* _About this exercise_
Print, with no pictures, the exact lines that run from the one containing "丝袜 色情 辽宁省大连市政协原党组布告、主席郝宏军纳贿案一审开庭" through the last line of the material below, both ends included.

BEGIN

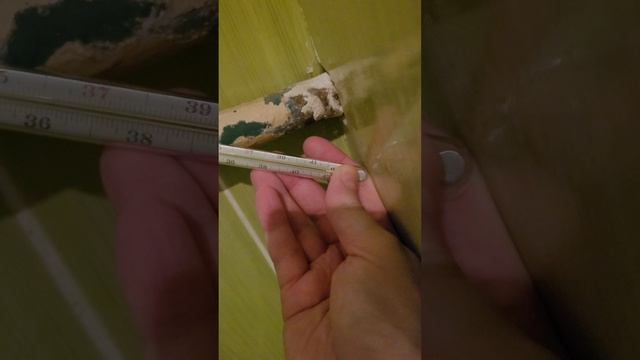 10.07.2025 включили горячую воду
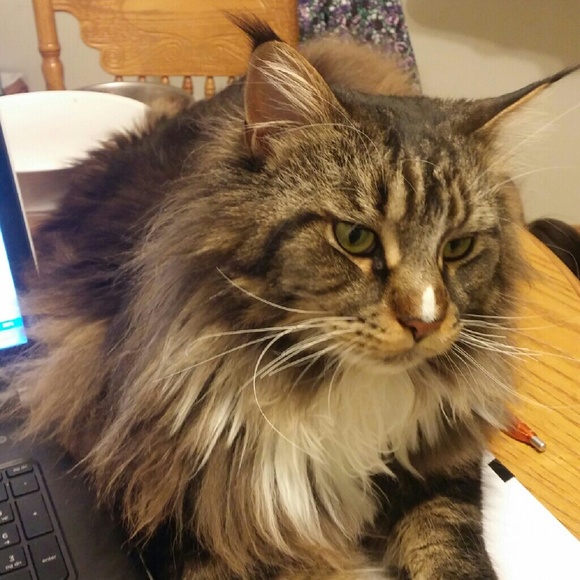 Profile Picture of Deb Charter (@nursecharter) on Poshmark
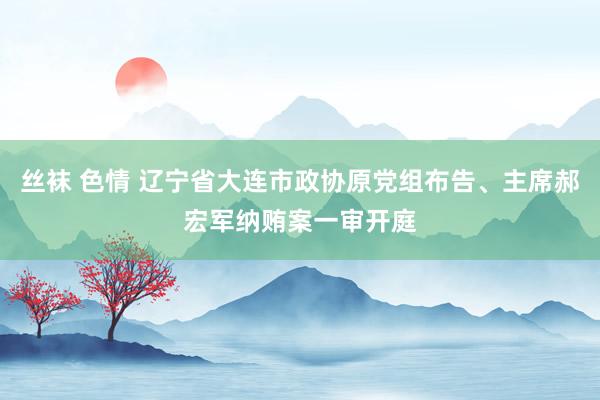 丝袜 色情 辽宁省大连市政协原党组布告、主席郝宏军纳贿案一审开庭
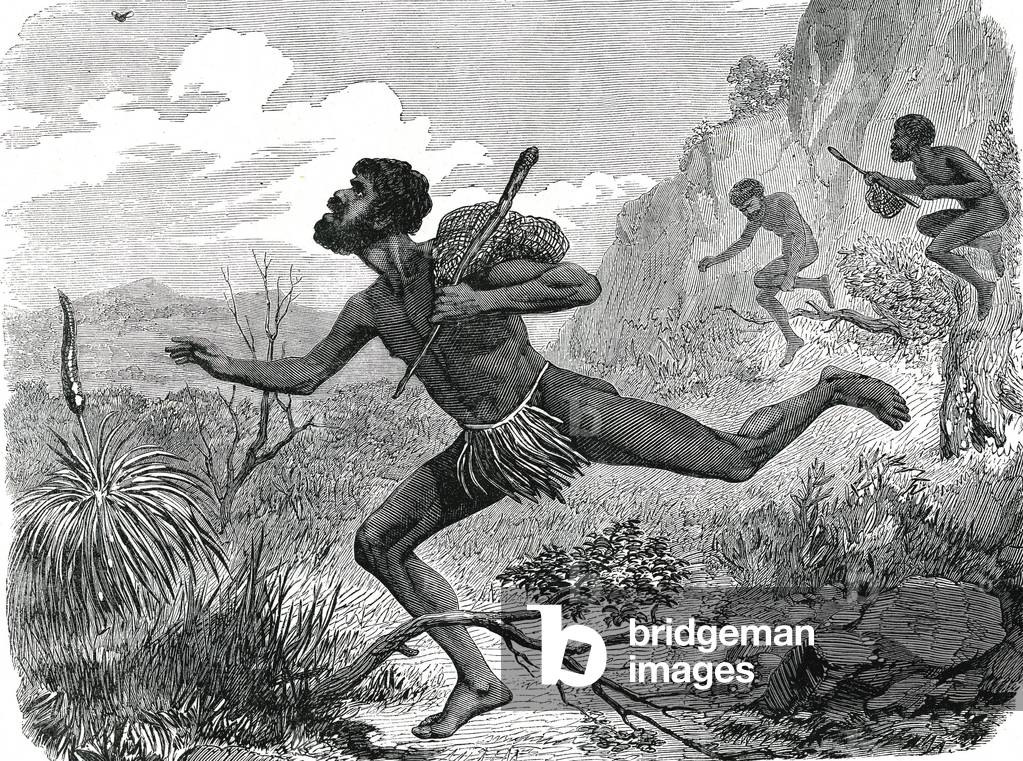 Bee hunting in Australia. Engraving 1868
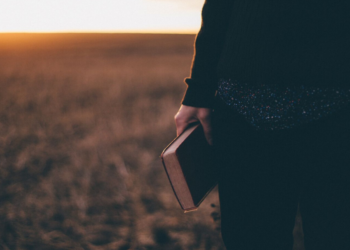 Unsplash | Priscilla Du Preez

END

* _Solved exercise_
 丝袜 色情 辽宁省大连市政协原党组布告、主席郝宏军纳贿案一审开庭
 Bee hunting in Australia. Engraving 1868
 Unsplash | Priscilla Du Preez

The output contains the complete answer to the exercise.